Il loro modello di comicità, in realtà, ha uno schema piuttosto semplice e riprende la cosiddetta slapstick comedy [letteralmente, commedia col bastone per colpire] divenuta celebre grazie al cinema muto e basata sull’esagerazione del linguaggio del corpo con effetti grotteschi di derivazione dalla Commedia dell’Arte. Se in tal senso l’icona comica cinematografica per eccellenza è Charlot (Charlie Chaplin), Stanlio & Ollio rappresentano quella a due, un “doppio passo” perfettamente funzionante fra il comico puro (Stanlio) e la spalla (Ollio).
I due, opposti (uno magrissimo e l’altro ciccione) e uguali (vestiti solitamente in maniera simile, inclusa la celebre bombetta), si palleggiano smorfie e sberleffi, con Ollio generalmente nel ruolo del control freak, ma solo in apparenza: con lo sguardo verso l’obiettivo (cioè verso gli spettatori di cui cerca la complicità), Hardy allude alla stupidità di Stanlio (“sei proprio stupìdo, Stanlio”) ma è Laurel – alla fine – a prendersi la scena nel suo modo surrealistico di trovare la soluzione ai problemi. Ollio ne esce naturalmente arrabbiato esplodendo nel suo leggendario “oooooooh” e agitandosi imbarazzato con l’inconfondibile voce di un giovane Alberto Sordi, almeno nel doppiaggio italiano.

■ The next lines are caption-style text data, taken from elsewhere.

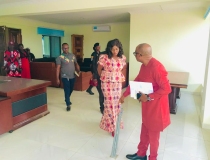 WhatsApp-Image-2025-02-19-at-20.50.49_e6b9d9ff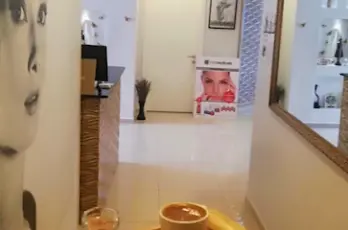 GÜL ESTETİK&GÜZELLİK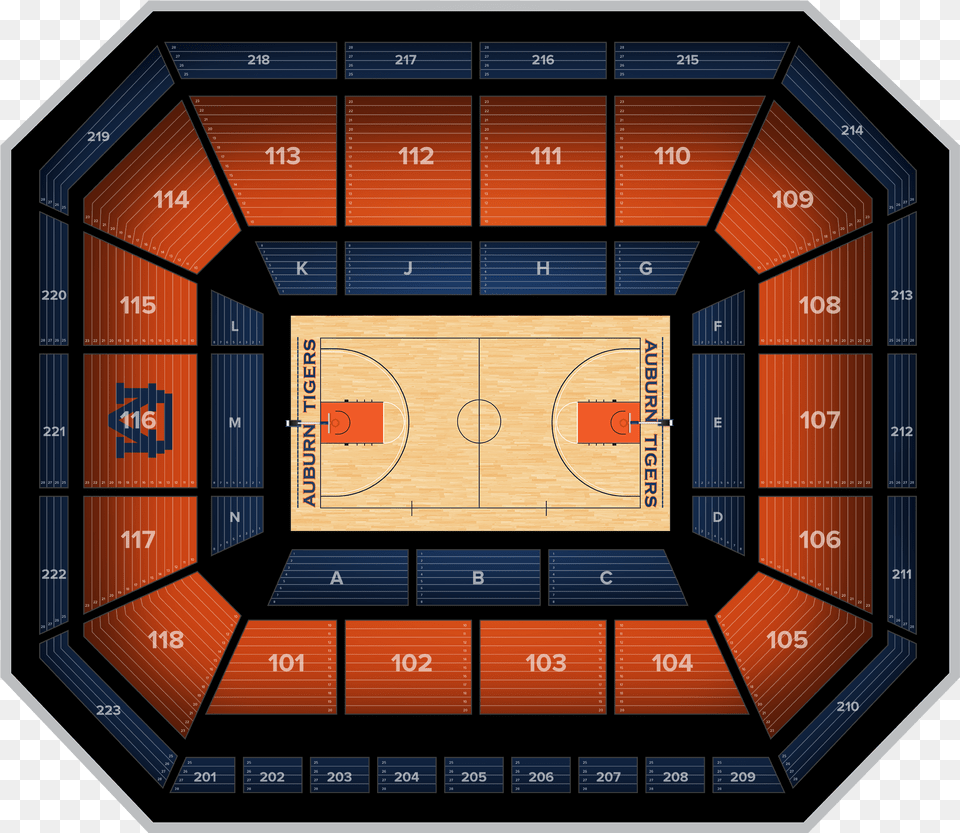 Wildcats Tigers Illustration, Scoreboard Png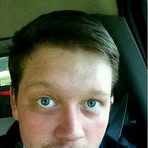 Profile Picture of Rob Nottbohm (@rnottb) on Facebook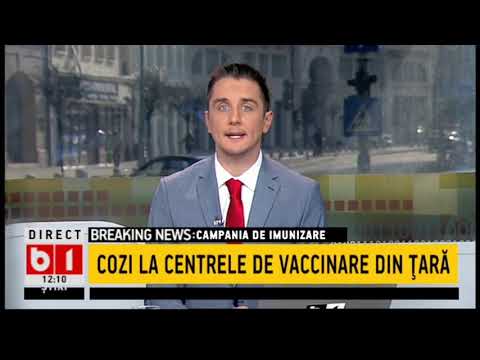 STIRI B1 ORA 12.00 DIN 18 IAN 2021 -SEDINTA LA GUVERN CU MIZA MAJORA-DISCUTII DESPRE BANII ROMANILOR
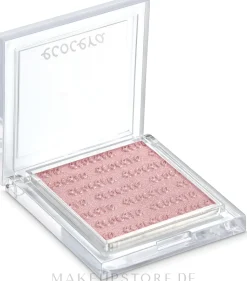 Ecocera Shimmer Brightener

Irresistibili anche dopo diverse visioni, i loro sketch per quanto elementari e ripetuti in modo pressoché identico, riescono ancora a strappare una risata. È il caso della “situazione” creatasi nel mediometraggio Blueboy, un cavallo per un quadro in cui la coppia s’impegna anima e corpo per gestire un cavallo “accomodato” sopra un pianoforte.
Blueboy, un cavallo per un quadro (Wrong again, 1929) regia di Leo McCarey
Se nel 1927 nacque ufficialmente il marchio “Stanlio & Ollio” l’amicizia fra Stan e Babe (il soprannome privato di Hardy) risale all’anno precedente ed è, forse, il vero motore dell’incredibile successo. Nata su un set e un po’ per caso, è quanto ha reso possibile il perdurare della carriera dei due artisti anche nei momenti più difficili, quando Hollywood puntava su altri generi e personaggi. In tal senso il film di Jon S. Baird va diretto al cuore del discorso, ponendo il profondo sentimento amicale quale il segreto del duo. Al punto che Stanlio rifiutò di continuare a lavorare dopo la morte di Ollio avvenuta nel 1957.
La chimica fra i due nasceva da qualcosa d’intangibile che superava – forse – la loro stessa consapevolezza, un dono di eterna giovinezza da parte dell’Arte della Risata generosamente consegnato agli spettatori di ogni tempo e geografia.